General Magic Movie Thrills Crowd

On December 11th, TechRaising held a screening of the inspiring documentary, General Magic. Members of the Santa Cruz tech community gathered at the Landmark Nickelodeon Theater to watch and learn about one of the most innovative, yet unheard of, companies in Silicon Valley.

The documentary told the story about a team, consisting of the top talent, trying to revolutionize the way humans interacted with technology. General Magic released a closed network communication device called the Magic Link, that did not sell. This product launch failure led to the bankruptcy of General Magic.

The story captivated the audience. Two 12 year old kids expressed how the film gave them insight into the start of the now ubiquitous, mobile phone. Brayden Estby, owner of 11th Hour Coffee, drew parallels from the mobile phone industry as he thought about current trends in coffee. Everyone in attendance gave the documentary glowing reviews.

Following the movie, Andrew Mueller, our moderator, asked special guests David Hoffman, Michael Stern, and Dee Gardetti to provide us with firsthand accounts of what it was like inside General Magic. David Hoffman shot all of the original footage used in the documentary, who happens to be best friends with former CEO of General Magic, Marc Porat. Michael Stern, a corporate lawyer at Cooley, was the former CFO of General Magic. And, Dee Gardetti was the first hire of General Magic and head of HR.

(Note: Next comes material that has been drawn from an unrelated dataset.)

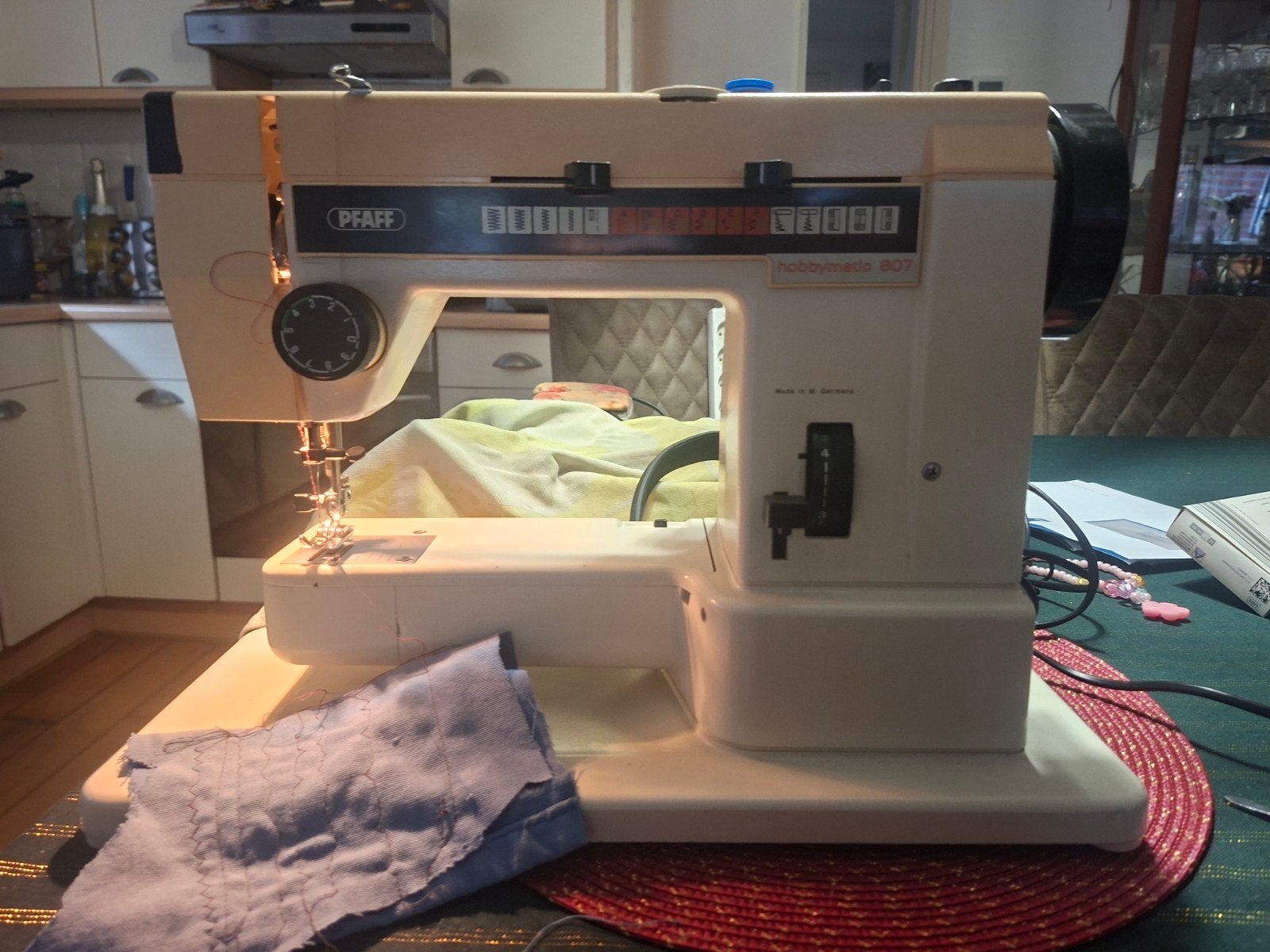 Pfaff 807 Hobbymatic Naaimachine - Degelijk en Compleet, Ophalen of Verzenden, Gebruikt, Naaimachine, Pfaff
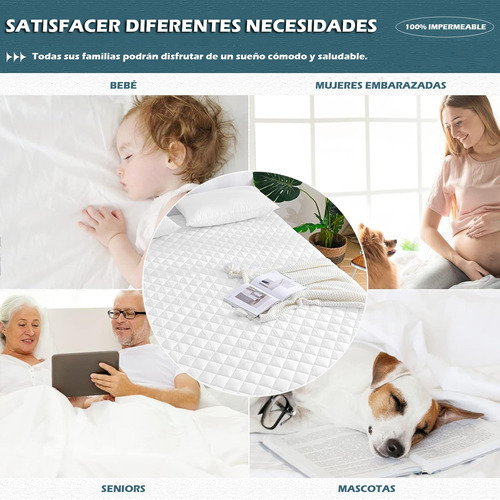 Mrustc Protector Cubre Colchón Impermeable Talla Matrimonial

David Hoffman expressed how General Magic failed in part, due to lack of advertising. The only Magic Link devices sold were to family and friends. No one else understood how to use the device or what it could do.

Michael Stern taught us that the lack of structure in the company caused serious problems. The engineers wanted to build and work on their passion projects, which was not conducive to meeting deadlines and shipping products. When a product manager was hired, the engineers would find a way to make them leave by “choice”. Michael Stern thought that effective product managers could have saved the company, but we will never know.

On a more positive note, Dee Gardetti discussed the importance of perseverance in the job market. In the documentary, Tony Fadell — a recent college graduate and known now as one of the fathers of the iPod, iPad, and founder of Nest — wanted to work at General Magic so badly, he called Dee daily to get an update on his application. Dee found Tony so relentless that she felt like if she didn’t hire him, he would still be calling today.

Events like these are important for the Santa Cruz community. They bring people together, motivate them to grow, and continue to inspire people to reach their goals and build amazing things. For more events with TechRaising, please subscribe to our mailing list, join our meetup group, and like us on Facebook.

If you are interested in learning more about General Magic, it is expected to hit select theaters in San Francisco and New York in Spring 2019.